One of the major protests that I participated in was the Yettinahole project site, a river diversion project in Karnataka. In 2015, the government put forward a plan to move ahead with the river diversion project. It’s difficult to protest in different environments. There was someone, who has been organizing it, so I was able to join them and take it forward from there. I had the experience of traveling around 100-kilometer walking across the coast of Goa, talking to deficient communities about how important it is to conserve our nature. When I moved to Delhi, I began to work with Greenpeace and protested on issues like air pollution, river pollution, emissions from landfills .
The Indian government has set ambitious renewable energy targets, what is the ground reality of such sustainability projects?
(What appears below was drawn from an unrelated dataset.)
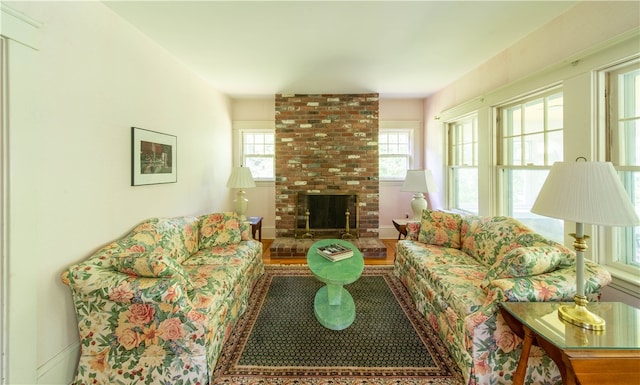 living room with hardwood / wood-style flooring, a brick fireplace, and brick wall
The steps taken by the government are just greenwashing of Nationally Determined Contributions in the Paris Agreement. India pledged to reduce the emission levels of 180 gigatons in 2005 to 135 Gigatons, that things are not happening. Government should be protecting the forest but that thing is not happening across India. Forests are being cut down and why the forests are being cut down is another interesting story. Forests are cut down for fossil fuel industries, whether it’s for transmission lines or infrastructures built for fossil fuel industries, it might be for transporting fossil fuels or oil, coal, or gas. So that can be highways, or boards, or even a railway. The forest it’s something which has been there for millions of years, and the kind of functions that which will be which they do, we cannot replicate it in one year, five years already, not even in 100 years. If the government cut down like 100 acre forests, say it contains 1 million trees and say that they’re planning 2 million trees as compensation. It will take a lot of time to get that benefit of 1 million trees, which we lost, and to get the benefit of those things. Because for 2 million trees, they’re very young. So even the says that the benefits from the increase is very much less and even if they reach 100 years, the kind of benefit the 100 acre a pristine forests have been providing very much minimum.
When we look at all the things, the government is also in the wrong track, they have given licenses to 41 new coal mines and also we have been involved in projects like the Adani coal mine projects, for which they will import coal from Australia. They will burn it in the UP then export the electricity to Bangladesh. From these things, we are not only polluting ourselves, and we are contributing the global climate change.
According to you, what should be the strategy to tackle climate change?
Mitigation, resilience, and adaptations are the key things to contain climate change. Mitigation means we are not going to do anything to for the emissions, actually, we are mitigating the impact of climate change by not contributing to it. Examples of it are policies supporting electric vehicles, public transport, and installing solar panels. Then comes adaptation that is adapting within the existing technologies. For example, using renewable energy for electricity generation, carbon capture, and storage. Then we need to focus on resilience. That’s mainly what we need in coastal regions, where we should be ready to upkeep with all the technologies to face severe storms, flooding, all the things. When it comes to agriculture and coastal regions, those three things are very minimum. Those things are going to be completely hit. And our economy, livelihood lifestyles, in which most of the people that more than half of the countries invested in, it’s going to be ultimately affected.